The city of Chicago and the state of Illinois could do worse than to follow the lead of Washington, DC Republicans in the matter of earmarks. It could for example, tell Cubs owner Tom Ricketts to take a hike regarding is request for $300 million of taxpayer money for the renovation of Wrigley Field.
Although the dispute was entirely internal to the Republicans in Congress, the Tea Party has its first victory. The Hill reports that Senate Minority Leader Mitch McConnell has reversed himself and will support GOP efforts to ban earmarks in Congressional legislation.
McConnell had previously defended earmarks, saying that banning them would simply cede spending decisions to the Administration. Although technically accurate, this is a *very* disingenuous position, as McConnell well knows.
To the public in general, an “earmark” is the process of allocating money for a pet project – a park in someone’s district or state, a bridge to nowhere, etc. In reality, at the time of the earmark’s appearance in legislation, the money has already been allocated and the earmark simply says “Here’s what to do with that money.” This is McConnell’s back door to claiming that *someone* has to spend the money, and it might as well be Congress.

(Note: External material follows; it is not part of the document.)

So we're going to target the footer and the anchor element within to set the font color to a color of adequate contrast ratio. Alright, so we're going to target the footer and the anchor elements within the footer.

What *really* happens is that the money has been allocated with the earmark in mind. Let’s take a hypothetical example:
Suppose that in creating and passing a budget the Congress addresses the needs of the Department of Shoe Shining. It is determined that in the coming year that Department will require $2.5 billion to meet its needs. Congress passes a budget with an allocation of $3 billion dollars for the department, and look! – there’s an extra half billion dollars in the Department of Shoe Shining budget. What a surprise! OK, we’ll spend that on a bridge to nowhere and various other pet projects.
So yes, McConnell is technically correct when he says it’s just a matter of who decides where the money is to be spent. But the *real* problem is that an extra half billion dollars was allocated in the first place. To prevent those earmarks, Congress needs to pass a budget which contains only $2.5 billion for the Department of Shoe Shining, leaving no money available for earmarks.

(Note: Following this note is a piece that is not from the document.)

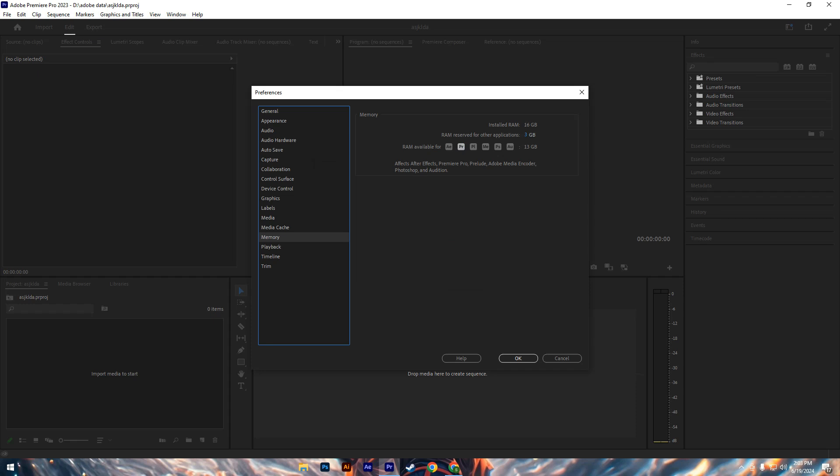To adjust the RAM allocation, go to the Memory tab in the Preferences menu. Decrease the RAM reserve for other applications, ensuring a minimum of 8 GB is available for Premiere Pro. If you have more RAM available, increase the allocation to 16 GB.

You might be surprised to learn that earmarks are actually a very small portion of the national budget (about $9 billion in Dubya’s final budget). Earmarks are the low hanging fruit in budget balancing, and the importance of the proposed ban is more symbolic than anything, but this symbolism is *critical* to the process of reducing overall spending.

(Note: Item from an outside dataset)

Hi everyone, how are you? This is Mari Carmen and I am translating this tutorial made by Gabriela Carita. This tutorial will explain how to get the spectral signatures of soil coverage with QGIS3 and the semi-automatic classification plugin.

We all know that even balancing the budget will do nothing to reduce the horrific national debt that exists. Some programs – Social Security, Medicare, Medicaid – are going to have to be reduced in scope, and other programs are going to have to be eliminated if we are to pay down our debt. Such actions are going to require a lot of public support and understanding.
But why should a middle class parent support ending day care funding, or a senior citizen support reductions in support programs, or home owners support the end of the mortgage interest tax deduction – in short, why should anyone bite the bullet and support the hard choices if the Congress can’t even deal with the easy choices?